Diríamos que el ejemplo lo tenemos en el libro de Thomas Pikettym El capital del siglo XXI, ameno y fácil de leer, pero complejo en sus planteamientos y que simplemente vuelva a ponernos sobre la mesa las desigualdades sociales y la necesidad de conocerlas y evitarlas. Y estas ideas, que sin duda permanecerán bastantes años hasta que se vayan complementando con otras según avance la sociedad globalizada actual, son ideas socialistas, donde se busca algo tan sencillo como prohibir las desigualdades desde la lógica posible.

Lo importante es que sea posible avanzar en lo mejor, sin que se nos rompa el camino por donde avanzamos. Es decir, posibilismo puro y duro.

Efectivamente el capital, el sistema capitalista aupado por los que poseen los medios de control del trabajo y la producción, se rebelarán siempre contra todo intento de que no haya desigualdades, pues ellos necesitan tener esclavos 3.0 aunque no lo parezcan, y que las personas estén contentas con ser esclavos de sus trabajos mal pagados. Es el gran juego político. El otro, el del comunismo —incluso ciertas variables del socialismo— que prohíben la propiedad para que no haya abusos de la misma, simplemente es hoy imposible y empobrece a los que más se pueden beneficiar de ese sistema.

De momento no se ha podido demostrar NUNCA que con un sistema comunista los pobres sean más ricos o tengan mejor calidad de vida, aunque sin duda han acabado (casi) con los ricos excepto si perteneces a las élites gobernantes. Pero avanzar en el reparto de la riqueza, en evitar las desigualdades, las injusticias sociales, en el control de la propiedad privada excesiva; que SI beneficia a los más necesitados de ayuda social, a las clases sociales más bajas, aunque no siempre logre talar las siempre excesivas posibilidades de las clases más altas. No debemos olvidarnos que las formas de los esclavos son muchas y los mejor pagados parecen muy poco esclavos. Eso permite a los que ostentan el poder, defenderse perfectamente con los mejores asesores esclavos, los más preparados abogados esclavos, etc. Que estas personas no se sientan esclavos es lo lógico, pues los poderosos están muy bien formados para lograr que precisamente sus mejores esclavos nunca se sientan esclavos.
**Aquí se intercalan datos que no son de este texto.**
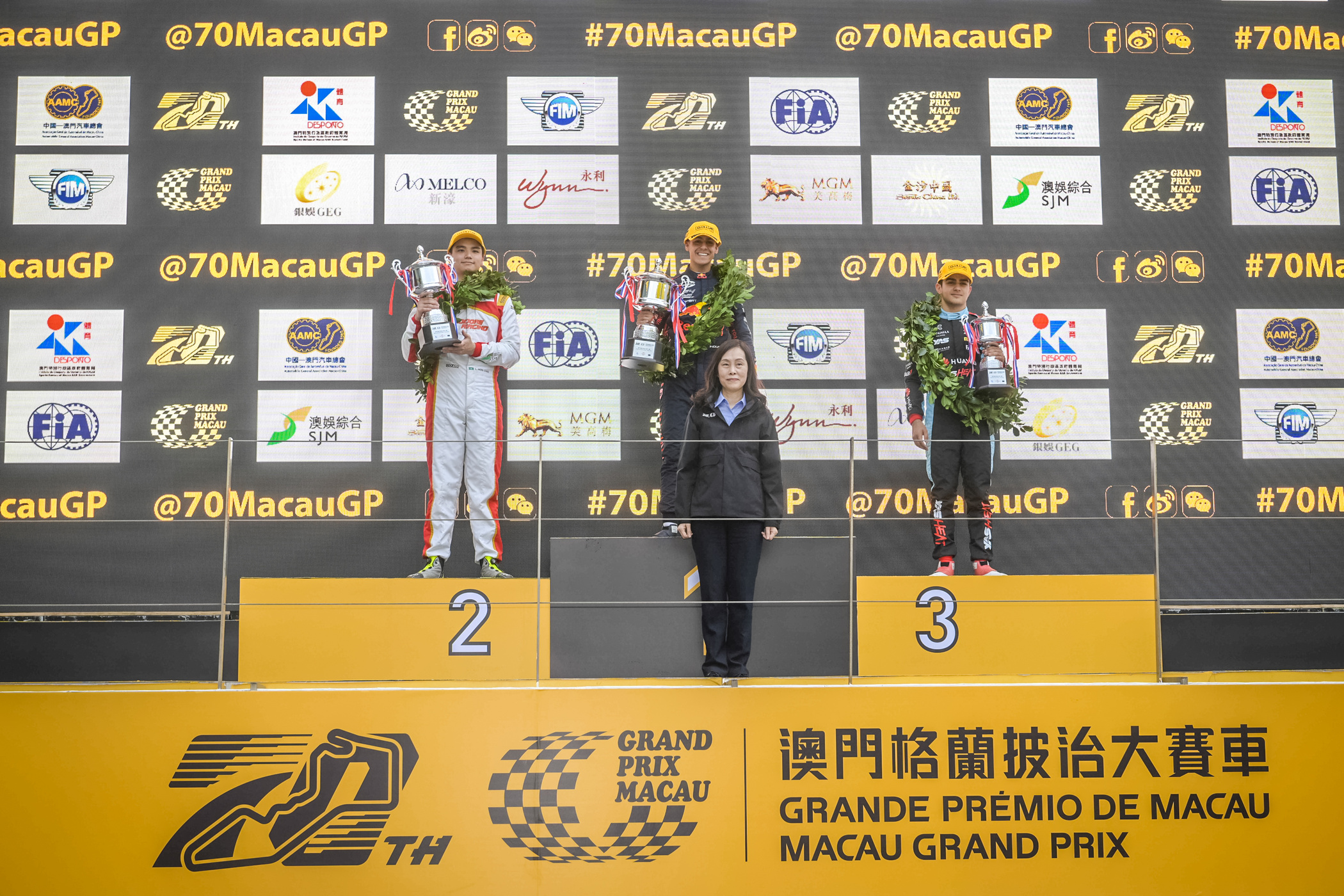 Macau Formula 4 podium finishers (left to right): Charles Leong, Arvid Lindblad and Rashid Al Dhaheri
Y por eso mismo la formación de calidad no es deseada como elemento para mejorar la sociedad, pues al final puede terminar por destruir las trampas de los poderosos. Solo los esclavos que no se sientan esclavos tienen derecho a tener una formación de gran calidad. Las personas libres que dispongan de una alta formación son siempre peligrosos.